◆ The data ◆

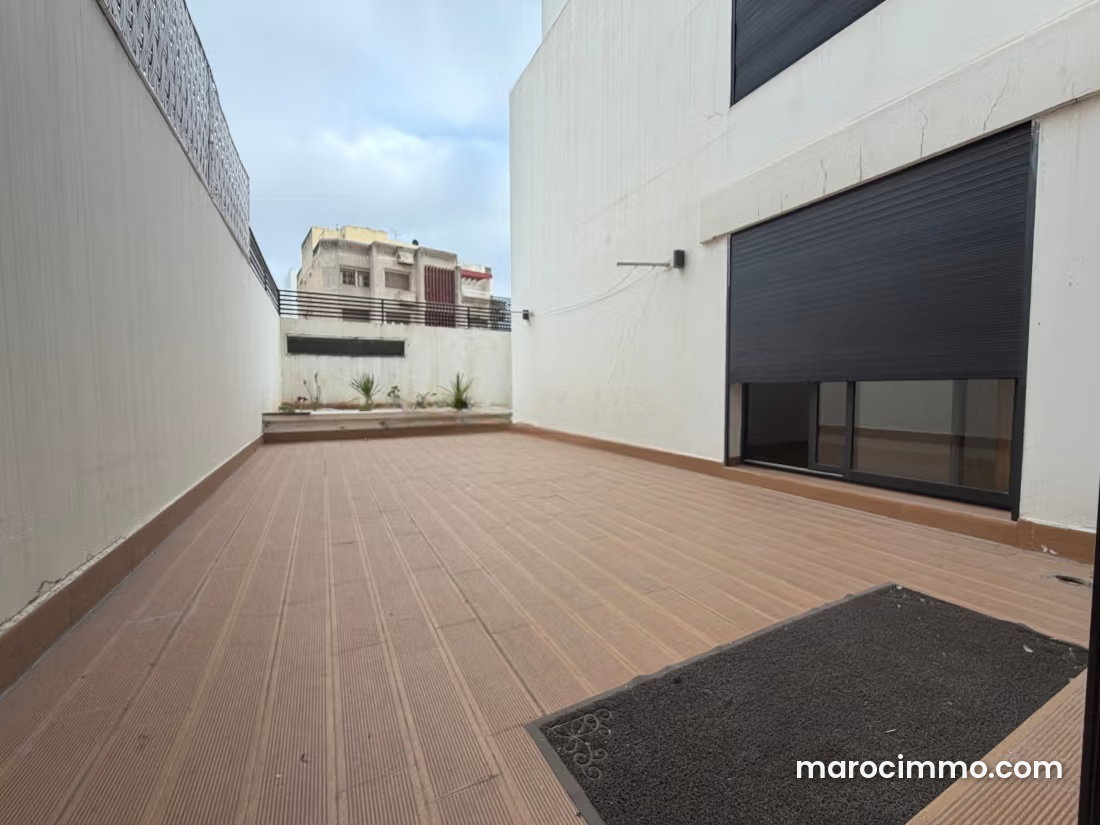 88 sqm Apartment with Terrace and Garden, Palmier, Casablanca — Casablanca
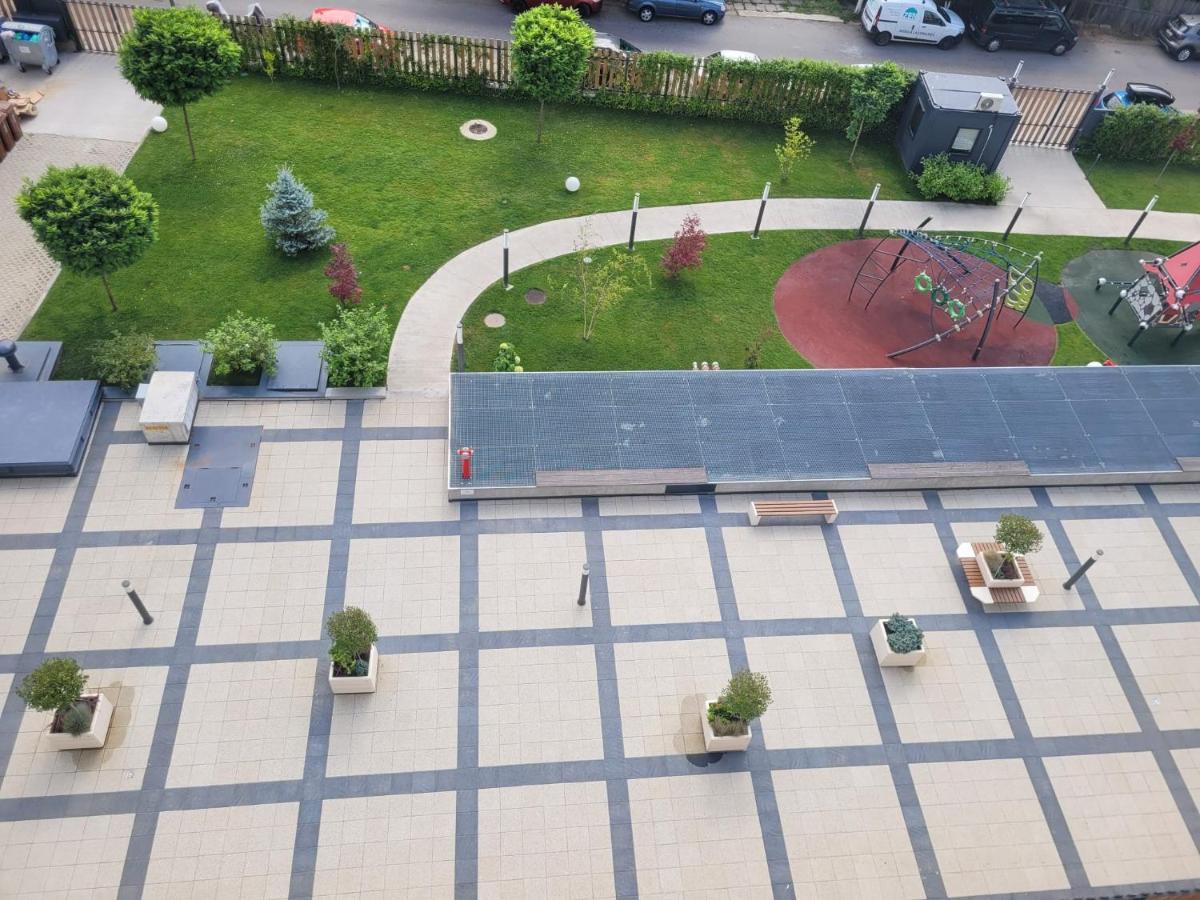 Apartment In Bucharest, Baneasa Green Area Dış mekan fotoğraf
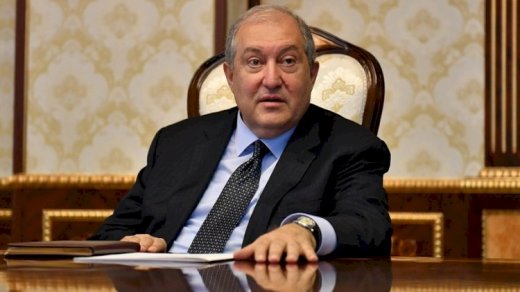 Ermənistan prezidenti yoxa çıxıb: “Ölkədən qaçmaq üçün fürsət axtarır”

◆ Task item ◆
The expected output is exactly the lines from the one containing "Apartment In Bucharest, Baneasa" through the last line of the listing, both included, with every picture left out.

◆ Your response ◆
 Apartment In Bucharest, Baneasa Green Area Dış mekan fotoğraf
 Ermənistan prezidenti yoxa çıxıb: “Ölkədən qaçmaq üçün fürsət axtarır”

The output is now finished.